Your instructions:
Among the entries below, copy every line that carries the word "Drive".

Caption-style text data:
----

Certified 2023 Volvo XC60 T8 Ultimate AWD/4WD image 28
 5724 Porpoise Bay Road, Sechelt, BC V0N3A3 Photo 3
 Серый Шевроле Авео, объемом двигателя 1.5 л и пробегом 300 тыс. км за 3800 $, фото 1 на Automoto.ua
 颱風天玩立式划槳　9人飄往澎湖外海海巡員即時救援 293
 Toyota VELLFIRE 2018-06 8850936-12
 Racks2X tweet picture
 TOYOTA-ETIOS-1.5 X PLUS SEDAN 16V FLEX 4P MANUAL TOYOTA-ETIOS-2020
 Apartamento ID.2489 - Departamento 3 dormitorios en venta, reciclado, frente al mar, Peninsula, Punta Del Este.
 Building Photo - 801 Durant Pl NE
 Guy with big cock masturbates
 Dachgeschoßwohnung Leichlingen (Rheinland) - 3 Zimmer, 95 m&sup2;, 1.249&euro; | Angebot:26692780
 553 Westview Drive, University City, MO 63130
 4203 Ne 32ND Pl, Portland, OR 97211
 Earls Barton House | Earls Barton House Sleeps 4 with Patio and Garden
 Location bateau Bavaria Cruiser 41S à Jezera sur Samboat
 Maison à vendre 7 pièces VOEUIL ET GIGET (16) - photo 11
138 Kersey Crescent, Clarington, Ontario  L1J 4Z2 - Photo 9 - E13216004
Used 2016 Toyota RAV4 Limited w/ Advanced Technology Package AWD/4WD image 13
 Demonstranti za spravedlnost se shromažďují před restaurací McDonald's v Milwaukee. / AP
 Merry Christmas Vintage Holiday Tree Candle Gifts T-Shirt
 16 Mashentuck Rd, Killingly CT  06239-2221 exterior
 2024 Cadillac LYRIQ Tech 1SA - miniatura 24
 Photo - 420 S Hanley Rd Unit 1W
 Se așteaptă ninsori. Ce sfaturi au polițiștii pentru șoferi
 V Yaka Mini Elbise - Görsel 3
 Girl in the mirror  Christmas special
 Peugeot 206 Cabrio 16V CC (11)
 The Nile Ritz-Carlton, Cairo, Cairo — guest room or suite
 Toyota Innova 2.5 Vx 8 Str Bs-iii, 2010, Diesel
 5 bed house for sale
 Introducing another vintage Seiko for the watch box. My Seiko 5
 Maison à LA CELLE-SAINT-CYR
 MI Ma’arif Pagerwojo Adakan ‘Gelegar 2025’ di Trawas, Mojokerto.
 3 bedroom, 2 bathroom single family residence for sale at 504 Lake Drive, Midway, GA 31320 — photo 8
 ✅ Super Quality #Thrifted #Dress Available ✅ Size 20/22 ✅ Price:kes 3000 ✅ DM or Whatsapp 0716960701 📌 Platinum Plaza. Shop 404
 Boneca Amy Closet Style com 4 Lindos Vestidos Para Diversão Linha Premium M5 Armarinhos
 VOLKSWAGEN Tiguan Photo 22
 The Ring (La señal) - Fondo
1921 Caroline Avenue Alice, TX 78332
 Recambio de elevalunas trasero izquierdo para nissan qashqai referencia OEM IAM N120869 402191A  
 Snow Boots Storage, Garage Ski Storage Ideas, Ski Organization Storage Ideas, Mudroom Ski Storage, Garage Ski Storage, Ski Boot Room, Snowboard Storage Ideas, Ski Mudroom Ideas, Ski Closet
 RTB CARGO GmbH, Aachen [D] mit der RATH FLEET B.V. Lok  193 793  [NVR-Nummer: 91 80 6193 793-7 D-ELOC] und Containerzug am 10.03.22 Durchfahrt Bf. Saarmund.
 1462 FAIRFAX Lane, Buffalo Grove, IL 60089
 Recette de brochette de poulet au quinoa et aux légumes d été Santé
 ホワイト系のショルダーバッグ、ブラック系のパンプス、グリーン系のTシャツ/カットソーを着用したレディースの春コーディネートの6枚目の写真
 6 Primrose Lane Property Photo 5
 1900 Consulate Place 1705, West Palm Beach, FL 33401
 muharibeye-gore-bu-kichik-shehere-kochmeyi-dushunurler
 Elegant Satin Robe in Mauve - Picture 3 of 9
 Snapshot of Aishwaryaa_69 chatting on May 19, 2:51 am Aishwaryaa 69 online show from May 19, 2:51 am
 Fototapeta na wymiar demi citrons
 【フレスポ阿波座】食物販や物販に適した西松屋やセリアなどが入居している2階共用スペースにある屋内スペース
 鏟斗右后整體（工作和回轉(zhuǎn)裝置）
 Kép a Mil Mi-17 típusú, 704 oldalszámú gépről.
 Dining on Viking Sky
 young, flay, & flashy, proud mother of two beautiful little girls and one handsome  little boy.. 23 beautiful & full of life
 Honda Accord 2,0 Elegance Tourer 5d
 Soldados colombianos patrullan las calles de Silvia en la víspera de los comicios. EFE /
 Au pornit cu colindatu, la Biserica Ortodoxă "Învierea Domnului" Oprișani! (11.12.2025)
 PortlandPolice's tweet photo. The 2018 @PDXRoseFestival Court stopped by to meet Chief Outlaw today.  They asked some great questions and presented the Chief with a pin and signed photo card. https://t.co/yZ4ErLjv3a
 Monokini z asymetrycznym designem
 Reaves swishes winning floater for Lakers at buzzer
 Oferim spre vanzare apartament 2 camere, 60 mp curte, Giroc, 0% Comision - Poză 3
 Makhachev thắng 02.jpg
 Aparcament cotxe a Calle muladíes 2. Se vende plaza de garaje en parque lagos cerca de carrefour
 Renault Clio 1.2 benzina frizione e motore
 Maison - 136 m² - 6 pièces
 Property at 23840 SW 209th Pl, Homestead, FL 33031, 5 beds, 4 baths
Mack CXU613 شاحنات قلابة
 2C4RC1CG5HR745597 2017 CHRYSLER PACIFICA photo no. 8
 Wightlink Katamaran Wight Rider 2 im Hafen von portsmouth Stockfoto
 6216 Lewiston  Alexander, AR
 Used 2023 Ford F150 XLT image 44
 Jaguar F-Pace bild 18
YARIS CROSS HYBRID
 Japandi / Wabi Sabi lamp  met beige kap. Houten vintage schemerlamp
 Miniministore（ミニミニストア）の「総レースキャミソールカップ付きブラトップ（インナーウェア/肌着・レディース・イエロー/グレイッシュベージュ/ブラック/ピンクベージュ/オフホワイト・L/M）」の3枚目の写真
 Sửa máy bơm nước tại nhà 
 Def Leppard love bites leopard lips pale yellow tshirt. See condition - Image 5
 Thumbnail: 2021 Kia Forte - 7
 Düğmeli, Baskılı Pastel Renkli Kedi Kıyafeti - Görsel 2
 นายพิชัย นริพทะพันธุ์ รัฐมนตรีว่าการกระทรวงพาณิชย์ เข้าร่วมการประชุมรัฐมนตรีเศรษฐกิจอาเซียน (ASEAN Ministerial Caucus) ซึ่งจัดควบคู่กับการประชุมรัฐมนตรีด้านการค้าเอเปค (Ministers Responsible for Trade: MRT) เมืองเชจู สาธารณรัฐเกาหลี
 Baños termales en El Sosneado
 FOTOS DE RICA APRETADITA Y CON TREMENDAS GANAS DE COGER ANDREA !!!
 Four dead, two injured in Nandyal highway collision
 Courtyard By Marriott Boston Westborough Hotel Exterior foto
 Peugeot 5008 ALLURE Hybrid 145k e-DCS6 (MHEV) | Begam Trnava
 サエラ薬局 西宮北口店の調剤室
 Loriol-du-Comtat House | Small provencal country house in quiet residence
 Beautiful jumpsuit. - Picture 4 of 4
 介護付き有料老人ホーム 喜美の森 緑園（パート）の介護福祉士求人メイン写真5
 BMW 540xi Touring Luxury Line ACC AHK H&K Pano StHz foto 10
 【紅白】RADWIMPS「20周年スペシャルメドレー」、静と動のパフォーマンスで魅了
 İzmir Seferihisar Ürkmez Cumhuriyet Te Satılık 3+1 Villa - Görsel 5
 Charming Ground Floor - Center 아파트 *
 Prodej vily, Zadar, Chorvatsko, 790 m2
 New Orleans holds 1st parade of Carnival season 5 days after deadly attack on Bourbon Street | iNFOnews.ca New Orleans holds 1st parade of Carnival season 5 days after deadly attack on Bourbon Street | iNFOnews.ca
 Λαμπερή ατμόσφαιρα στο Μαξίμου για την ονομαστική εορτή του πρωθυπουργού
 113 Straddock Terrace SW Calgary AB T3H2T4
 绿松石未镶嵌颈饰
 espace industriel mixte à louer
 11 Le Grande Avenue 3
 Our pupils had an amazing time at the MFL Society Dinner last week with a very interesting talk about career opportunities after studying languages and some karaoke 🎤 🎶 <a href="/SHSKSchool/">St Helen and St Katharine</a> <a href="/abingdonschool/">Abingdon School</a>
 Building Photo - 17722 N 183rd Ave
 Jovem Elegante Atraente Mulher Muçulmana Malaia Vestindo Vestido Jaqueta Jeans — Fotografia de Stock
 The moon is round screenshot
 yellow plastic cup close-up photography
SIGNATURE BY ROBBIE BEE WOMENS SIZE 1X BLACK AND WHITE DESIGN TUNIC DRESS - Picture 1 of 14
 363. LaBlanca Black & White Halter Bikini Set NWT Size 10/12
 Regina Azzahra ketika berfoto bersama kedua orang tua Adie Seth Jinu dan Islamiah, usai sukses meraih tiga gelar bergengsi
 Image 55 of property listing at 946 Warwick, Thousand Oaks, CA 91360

----

Exercise response:
 553 Westview Drive, University City, MO 63130
 3 bedroom, 2 bathroom single family residence for sale at 504 Lake Drive, Midway, GA 31320 — photo 8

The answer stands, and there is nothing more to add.